Mutig in die neuen Zeiten!

Michaela Reisel
Mutig in die neuen Zeiten! (c) iStock liuzishan

Mutig in die neuen Zeiten! (c) iStock liuzishan

Von Peter Dobcak

Österreicher und Österreicherinnen sind vom Typus her Veränderungen gegenüber eher kritisch eingestellt. Der Schmerz oder die Unzufriedenheit muss schon sehr groß sein, damit Veränderung erwogen wird und Landsmann bzw. -frau bereit sind, sich in das unbekannte Neue zu wagen.

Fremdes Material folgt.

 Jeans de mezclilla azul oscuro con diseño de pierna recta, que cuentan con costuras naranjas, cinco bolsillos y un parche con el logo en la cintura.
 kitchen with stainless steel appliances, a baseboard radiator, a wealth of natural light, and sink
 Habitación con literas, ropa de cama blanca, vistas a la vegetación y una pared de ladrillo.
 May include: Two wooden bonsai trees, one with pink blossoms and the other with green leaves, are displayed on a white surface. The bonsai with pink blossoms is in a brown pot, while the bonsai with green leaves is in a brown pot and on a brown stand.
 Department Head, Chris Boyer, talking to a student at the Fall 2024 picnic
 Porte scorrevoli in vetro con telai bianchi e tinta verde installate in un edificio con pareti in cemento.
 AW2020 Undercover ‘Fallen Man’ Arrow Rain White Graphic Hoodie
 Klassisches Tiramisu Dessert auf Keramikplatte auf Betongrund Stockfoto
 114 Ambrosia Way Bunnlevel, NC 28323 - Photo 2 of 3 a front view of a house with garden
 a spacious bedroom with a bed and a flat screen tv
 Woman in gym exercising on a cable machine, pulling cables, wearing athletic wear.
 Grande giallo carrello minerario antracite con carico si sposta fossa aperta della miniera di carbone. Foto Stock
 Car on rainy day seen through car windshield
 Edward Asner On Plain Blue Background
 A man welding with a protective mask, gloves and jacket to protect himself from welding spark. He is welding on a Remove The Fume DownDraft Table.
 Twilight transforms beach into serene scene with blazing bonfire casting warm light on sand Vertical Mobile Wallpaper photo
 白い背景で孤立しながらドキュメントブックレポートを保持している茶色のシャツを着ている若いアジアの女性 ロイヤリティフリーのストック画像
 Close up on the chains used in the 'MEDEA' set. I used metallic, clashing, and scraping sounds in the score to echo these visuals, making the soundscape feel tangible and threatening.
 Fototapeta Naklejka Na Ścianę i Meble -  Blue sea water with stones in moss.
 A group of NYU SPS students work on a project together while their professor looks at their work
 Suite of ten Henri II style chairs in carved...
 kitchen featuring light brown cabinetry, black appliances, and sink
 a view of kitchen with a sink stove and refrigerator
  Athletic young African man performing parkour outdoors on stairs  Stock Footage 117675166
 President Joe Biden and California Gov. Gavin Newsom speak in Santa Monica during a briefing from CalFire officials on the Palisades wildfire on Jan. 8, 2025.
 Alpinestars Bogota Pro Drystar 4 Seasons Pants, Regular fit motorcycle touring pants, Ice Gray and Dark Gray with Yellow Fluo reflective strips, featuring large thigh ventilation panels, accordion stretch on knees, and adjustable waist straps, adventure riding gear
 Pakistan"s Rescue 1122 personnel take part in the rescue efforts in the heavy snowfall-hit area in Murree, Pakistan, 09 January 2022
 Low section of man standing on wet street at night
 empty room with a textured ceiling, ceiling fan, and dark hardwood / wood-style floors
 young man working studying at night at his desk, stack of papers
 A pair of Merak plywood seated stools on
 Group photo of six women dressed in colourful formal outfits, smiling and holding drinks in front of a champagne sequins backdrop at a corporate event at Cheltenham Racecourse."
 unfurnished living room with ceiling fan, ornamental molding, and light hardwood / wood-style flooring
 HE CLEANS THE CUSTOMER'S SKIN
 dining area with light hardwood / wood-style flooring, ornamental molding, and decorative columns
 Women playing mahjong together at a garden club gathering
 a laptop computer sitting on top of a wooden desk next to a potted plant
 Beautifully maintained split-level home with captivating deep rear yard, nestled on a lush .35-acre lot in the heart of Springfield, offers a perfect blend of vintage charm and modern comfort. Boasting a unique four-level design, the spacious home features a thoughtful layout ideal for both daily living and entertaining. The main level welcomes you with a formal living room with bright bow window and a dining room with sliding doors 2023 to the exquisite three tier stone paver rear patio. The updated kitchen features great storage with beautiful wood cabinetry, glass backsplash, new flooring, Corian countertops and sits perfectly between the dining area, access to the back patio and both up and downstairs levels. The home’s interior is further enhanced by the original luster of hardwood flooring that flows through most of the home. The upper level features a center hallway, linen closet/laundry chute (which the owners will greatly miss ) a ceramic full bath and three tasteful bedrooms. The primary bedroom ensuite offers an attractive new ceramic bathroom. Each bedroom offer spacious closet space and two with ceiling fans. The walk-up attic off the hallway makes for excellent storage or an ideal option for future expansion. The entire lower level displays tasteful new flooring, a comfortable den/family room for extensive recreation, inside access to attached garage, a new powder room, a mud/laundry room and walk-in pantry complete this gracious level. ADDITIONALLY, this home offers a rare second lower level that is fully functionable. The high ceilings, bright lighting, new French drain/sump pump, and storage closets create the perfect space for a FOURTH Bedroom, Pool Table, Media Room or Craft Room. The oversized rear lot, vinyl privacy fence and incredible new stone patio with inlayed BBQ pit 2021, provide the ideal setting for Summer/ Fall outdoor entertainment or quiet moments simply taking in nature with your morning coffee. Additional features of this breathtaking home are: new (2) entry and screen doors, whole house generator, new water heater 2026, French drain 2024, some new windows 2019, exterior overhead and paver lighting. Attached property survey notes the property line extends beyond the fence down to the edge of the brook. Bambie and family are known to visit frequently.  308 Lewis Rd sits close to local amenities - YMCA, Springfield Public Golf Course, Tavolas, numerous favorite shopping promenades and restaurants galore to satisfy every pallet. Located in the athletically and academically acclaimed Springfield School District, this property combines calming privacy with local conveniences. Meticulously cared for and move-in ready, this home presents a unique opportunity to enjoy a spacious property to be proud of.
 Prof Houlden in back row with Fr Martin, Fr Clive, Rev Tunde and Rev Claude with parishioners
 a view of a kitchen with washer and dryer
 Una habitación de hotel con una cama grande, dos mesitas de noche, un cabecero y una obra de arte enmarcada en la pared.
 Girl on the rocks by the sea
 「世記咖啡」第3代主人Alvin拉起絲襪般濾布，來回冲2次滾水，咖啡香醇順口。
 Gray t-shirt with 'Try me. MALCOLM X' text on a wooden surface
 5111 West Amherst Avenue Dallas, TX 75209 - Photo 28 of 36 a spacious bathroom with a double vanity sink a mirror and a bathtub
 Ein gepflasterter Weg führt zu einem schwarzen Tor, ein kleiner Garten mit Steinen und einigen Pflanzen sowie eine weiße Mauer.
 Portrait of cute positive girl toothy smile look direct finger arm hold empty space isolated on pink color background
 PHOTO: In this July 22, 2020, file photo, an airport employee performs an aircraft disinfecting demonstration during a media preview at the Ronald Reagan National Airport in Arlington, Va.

Ähnliches gilt natürlich auch für den Machterhalt, aber das ist nichts typisch Österreichisches.
Jahrzehntelang geschieht gar nichts, entweder wird ein Missstand ignoriert oder bis zum Geht- nicht-mehr dahingewurschtelt. Da weiß man wenigstens, wie man dran ist und das vermittelt vorgetäuschte Sicherheit. Veränderung muss von Zeit zu Zeit von außen aufgezwungen werden, wenn die Organisation dies von innen her nicht schafft.

Begleitet wird dieses zögerliche Verhalten allerdings von einem oft gefährlichen Musterschüler-syndrom (Golden Plate Syndrom). Denn wurde einmal der Entschluss gefasst, sich eines Problems oder einer Aufgabe anzunehmen, dann meist mit einer solch gewaltigen Wucht, dass danach gleich alle tot sind. Ein Abwägen ob der Sinnhaftigkeit, aber vor allem langfristigen Konsequenz mancher Entscheidungen, findet eher nicht oder nur selten statt. Wenn doch, dann merkt es offensichtlich keiner der Verantwortlichen. Die Befriedigung reagiert zu haben, und das mit der notwendigen Gründlichkeit, genügt oft für das Erste. Die Allergenverordnung oder die Art und Weise der Einführung der Registrierkasse dienen als gutes Beispiel.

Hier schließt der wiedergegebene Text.